In the past, Google has been accused of using its popular search function to favor its products, like YouTube, as well as big advertisers.
For example, a recent search for a "Saturday Night Live" video resulted in several choices from Google's YouTube before NBC, which produces the show. Companies such as Yelp have argued they are better than Google at helping consumers find certain services but that they often appear below a box of Google recommendations, resulting in fewer clicks.
Other allegations relate to advertising more broadly. In advertising, Google dominates the interlocking businesses that connect advertisers with newspapers, websites and other firms looking to host them. Google has been accused of being opaque in revealing its revenue from transactions, using "bundles" of products to disadvantage smaller rivals, and of rigging auctions.
WHAT DOES GOOGLE SAY ABOUT THESE ALLEGATIONS?
Google on Tuesday called the lawsuit against the company "deeply flawed" and said that users would find it more difficult to access superior search tools and affordable smartphones if the government wins its case.
Regarding search, Google has said that users have access to other information sources, like Twitter for news and Amazon for products. And it says that people use Google for quick answers, which has spurred the company to develop new ways to organize results.
In terms of advertising, it argues that it competes with a large array of companies, including giants like Oracle Corp and Verizon Communications Inc. And it argues that online advertising prices have steadily declined over the past decade.
As for Android, Google has said that phone makers that use its smartphone system do not have to include Google apps and may pre-install competing apps.

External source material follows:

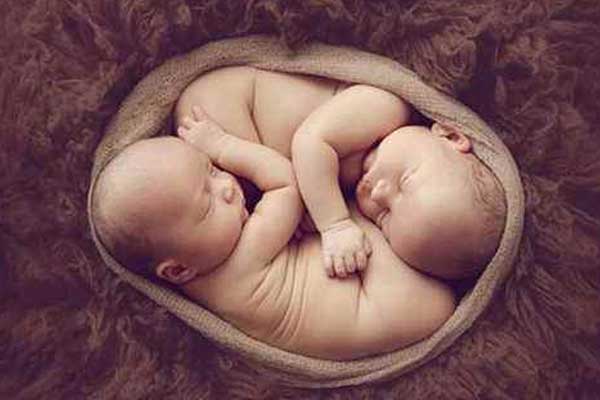 巢湖借卵子生子的成功率_试管婴儿6个半月早产龙凤胎能活吗孩子不足1公斤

WHAT ROLE DO STATE ATTORNEYS GENERAL HAVE?
A large group of attorneys general is also investigating Google, with 11 states joining the DOJ suit Tuesday. A group headed by Texas is focused on Google's advertising practices, while other states are looking at search and Android. These may also result in lawsuits.
HOW LONG WOULD A TRIAL AND APPEALS TAKE?
It is in Google's interest to drag out the legal fight. Antitrust experts say it would take at least six to nine months to get to trial, with a decision coming several months after the trial's end. It would then likely be appealed.

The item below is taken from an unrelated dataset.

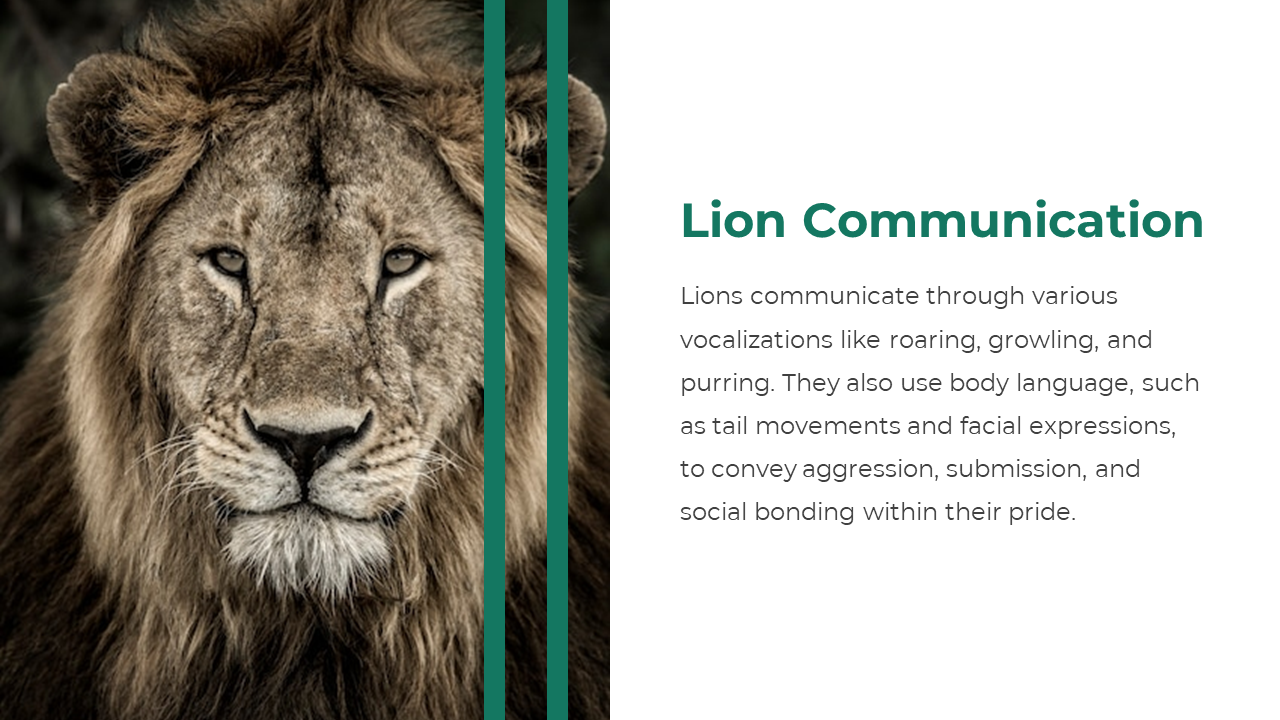 Slide featuring photos of lions with text on their prey and eating habits, including scavenging and large herbivore hunting.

On Tuesday, Google said it typically takes 12 to 18 months before such cases get to trial.
ARE THE ALLEGATIONS AGAINST GOOGLE POLITICALLY MOTIVATED?
Several tech trade lobbying groups said the suit was politically motivated. "The suit was hurried out on the eve of an election where the administration has aggressively pressured tech companies to take actions in its favor," the Computer & Communications Industry Association said in a statement.
President Donald Trump's administration has been angry with several Silicon Valley companies for allegedly silencing conservatives and many Republican lawmakers have brought up the issue of bias during recent antitrust congressional hearings.